Required action
Each entry should be set down again verbatim, with the images omitted.

[Short text fragments from websites]
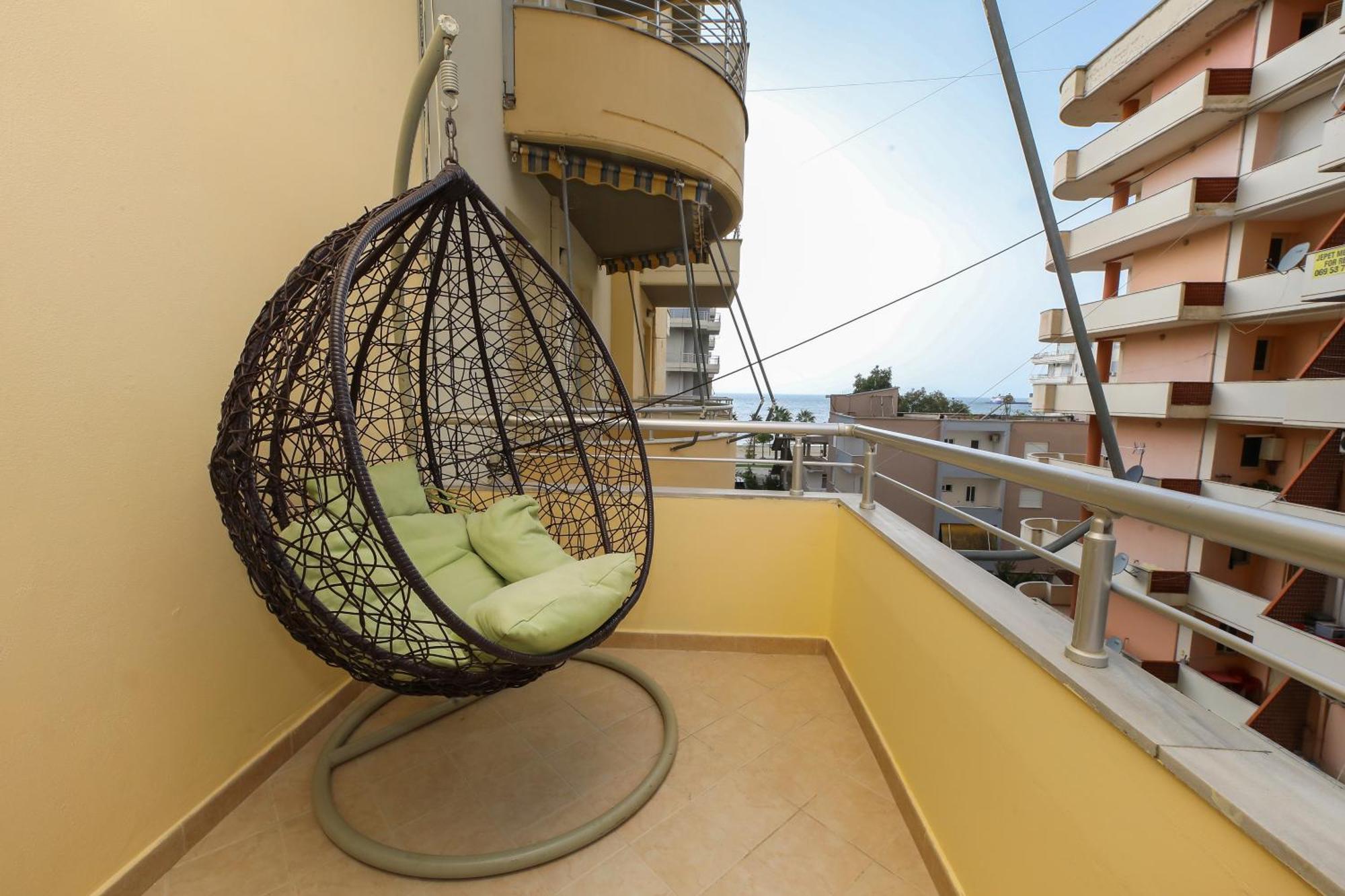 Noa Apartments วญอเรอ ภายนอก รูปภาพ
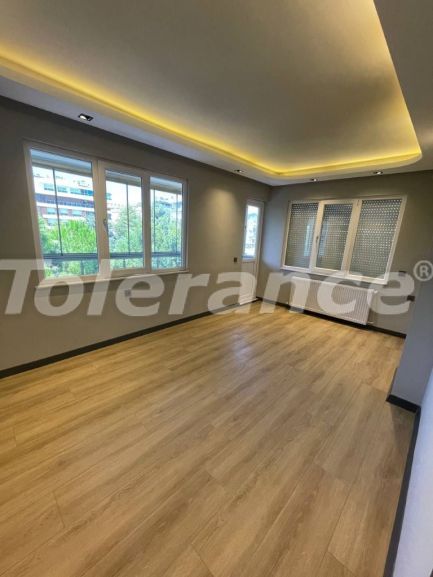 آپارتمان که در کونیاآلتی, آنتالیا - خرید ملک در ترکیه - 100161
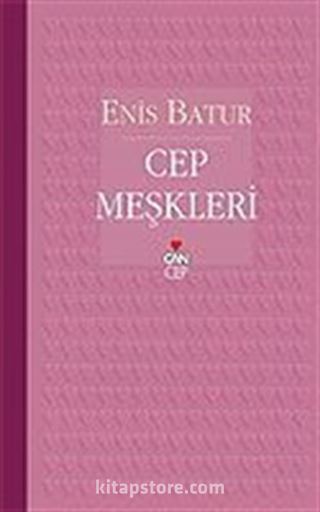 Cep Meşkleri (Can Cep)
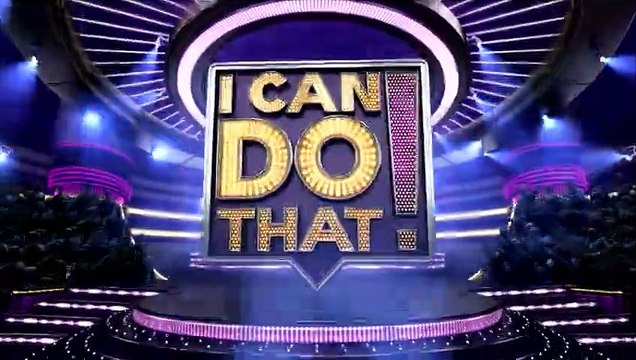 I CAN DO THAT EXCLUSIVE: Saan nga ba sa kanilang act nahirapan sina Sue at Pokwang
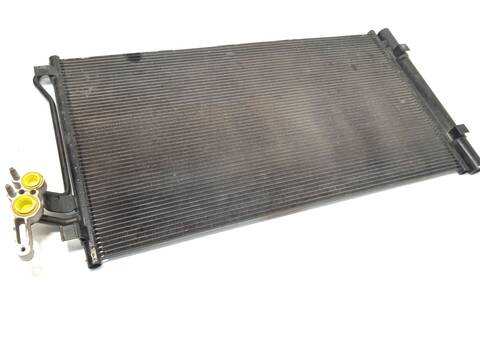 Radiador Calefaccion A.A. Land Rover Discovery 2.0 D 4X4 150CV 110KW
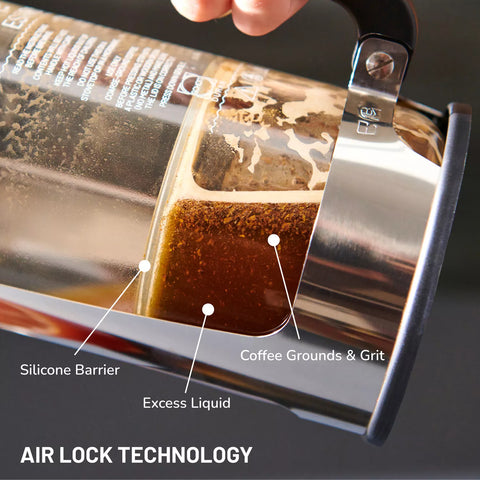 Espro P7 Coffee Press, 32 oz.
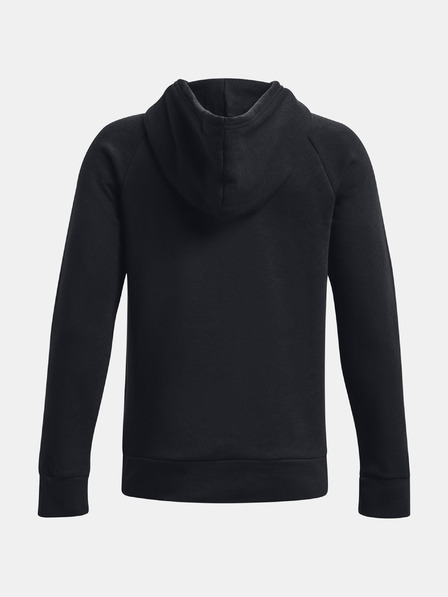 Under Armour UA Rival Fleece Hoodie Trenirka (gornji dio) dječja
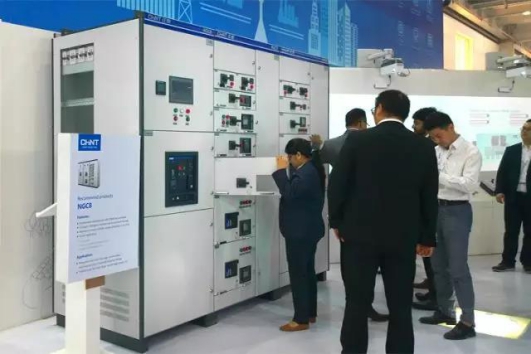 電工品牌大事記|正泰亮相印度電力、可再生能源及自動(dòng)化展覽會(huì)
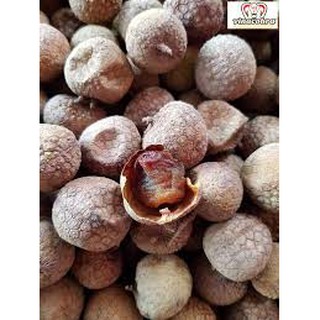 ĐẶC SẢN Vải sấy Bắc Giang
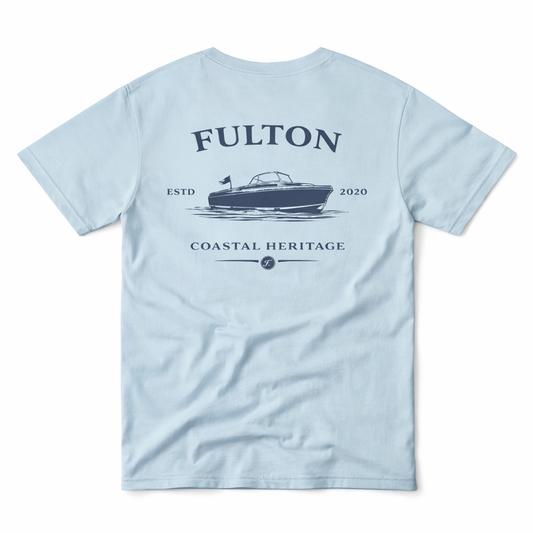 The Chris-Craft – Coastal Icons Series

Solution
 Noa Apartments วญอเรอ ภายนอก รูปภาพ
 آپارتمان که در کونیاآلتی, آنتالیا - خرید ملک در ترکیه - 100161
 Cep Meşkleri (Can Cep)
 I CAN DO THAT EXCLUSIVE: Saan nga ba sa kanilang act nahirapan sina Sue at Pokwang
 Radiador Calefaccion A.A. Land Rover Discovery 2.0 D 4X4 150CV 110KW
 Espro P7 Coffee Press, 32 oz.
 Under Armour UA Rival Fleece Hoodie Trenirka (gornji dio) dječja
 電工品牌大事記|正泰亮相印度電力、可再生能源及自動(dòng)化展覽會(huì)
 ĐẶC SẢN Vải sấy Bắc Giang
 The Chris-Craft – Coastal Icons Series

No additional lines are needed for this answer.